Although things are quite up in the air, my initial thoughts are:
- There’ll need to be a routine in place (of sorts) as neither of them thrive without it
- The routine will need to be basic enough to flex on our bad days, without it feeling like a punishment
- We’ll need to incorporate a lot of Early Years development: motor skills, balance, sensory, social skills (sharing, playing together, handling conflict etc.)
- Outdoor time, time with nature
- Judgement-free socialisation
- Attachment building activities
- Basic reading, writing and maths skills
- Scheduled therapies
The other stuff will come with time, these foundations need to be built, so we’ll do this first. We’re always doing real-world learning, projects to entertain us based upon what’s happening in the world around us anyhow.
For example, Rio ’16 we had a massive map of the world, surrounded by flags, talked about what happens at the Olympics, the values, designed medals and kits for our own imaginary countries, chose a country of the world to support, learned some facts about the country as well as ours and Brazil and then tracked the medal progress during the games. We went on an excursion to the Queen Elizabeth Olympic Park (not very successful – got all the way there for Caitlin to fall over cut her lip up quite badly on a surface runoff drain and have to come all the way home again) and we even held our own mini Olympics (complete with opening ceremony, torch relay, Olympic flame, races, medals podium, closing ceremony and after party.
I can see us having something like this going throughout the year – calling it our “project”. At the current time our veg patch needs to be started off… so that’ll be our first one. Planning, purchasing, prepping, planting, maintaining and of course picking and eating – the most enjoyable part. From past experience with them I know that this will be something they enjoy, and I know that it’ll help reinforce those thoughts they are now starting to learn about nurture; if you love something, and nurture it, and treat it how you know it needs to be treated, not how you feel, it’ll develop, it’ll grow, it’ll flourish.
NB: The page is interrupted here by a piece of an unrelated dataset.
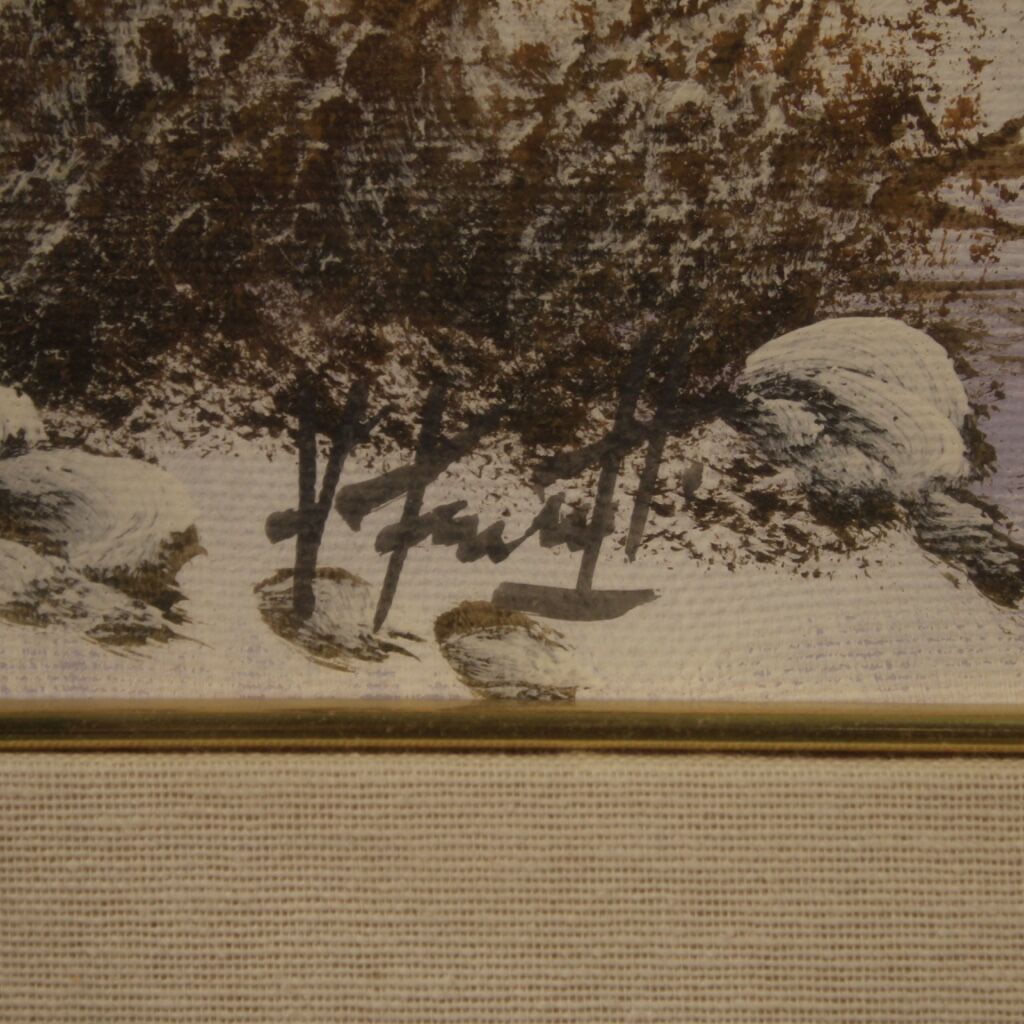 Italian winter landscape painting oil on canvas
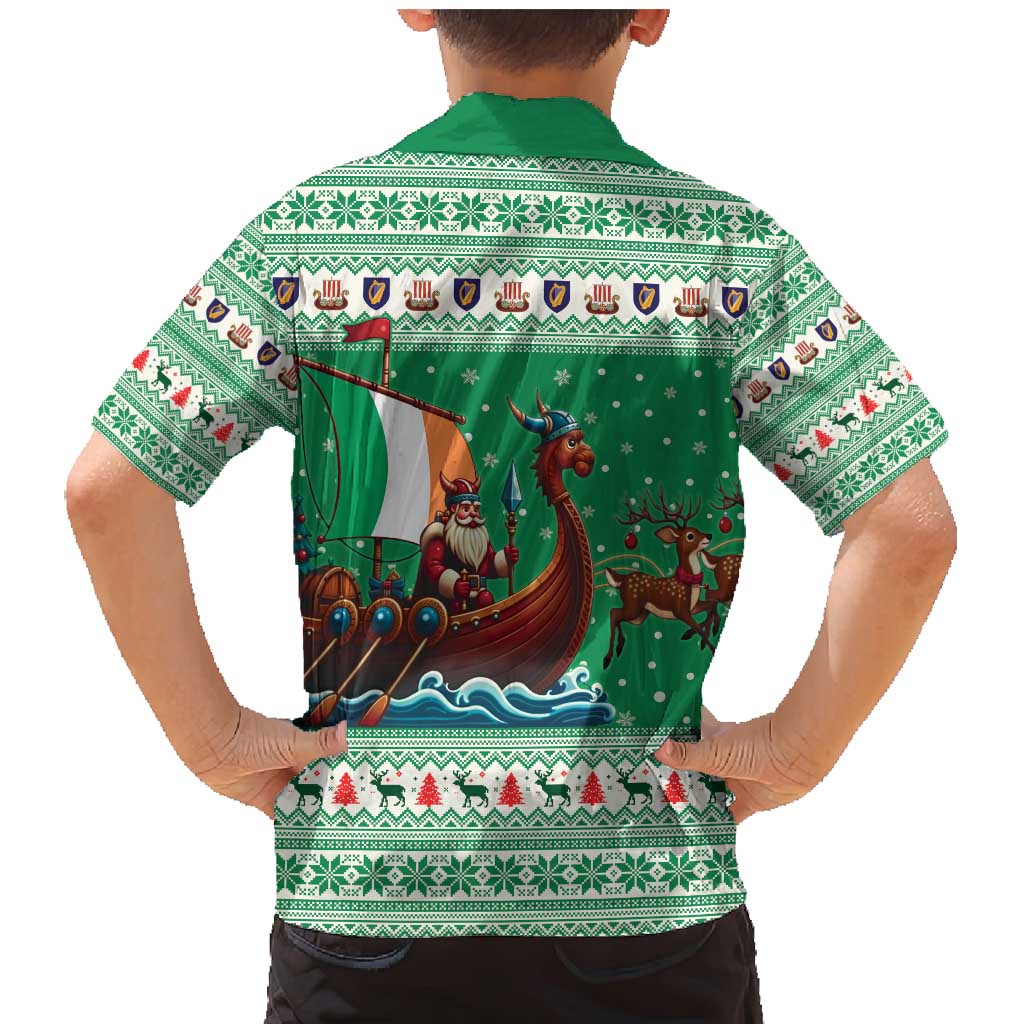 Ireland Viking Santa Christmas Family Matching Mermaid Dress and Hawaiian Shirt Funny Reindeer Norse Xmas - Wonder Print Shop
But, it takes hard work, and time and a lot of commitment. Definitely the right message to be starting off on.
As they need to go through these crucial Early Years stages, I can see a lot of it being very child led, but I do know how much it means to both of them to be able to read so that may need to feature too, we’ve instilled such a passion for books, and I am so grateful that we’ve got that far; the children didn’t have bed time stories, get read to regularly or anything like that before coming to live with us.
That kind of summarises where we are up to with our first weekend.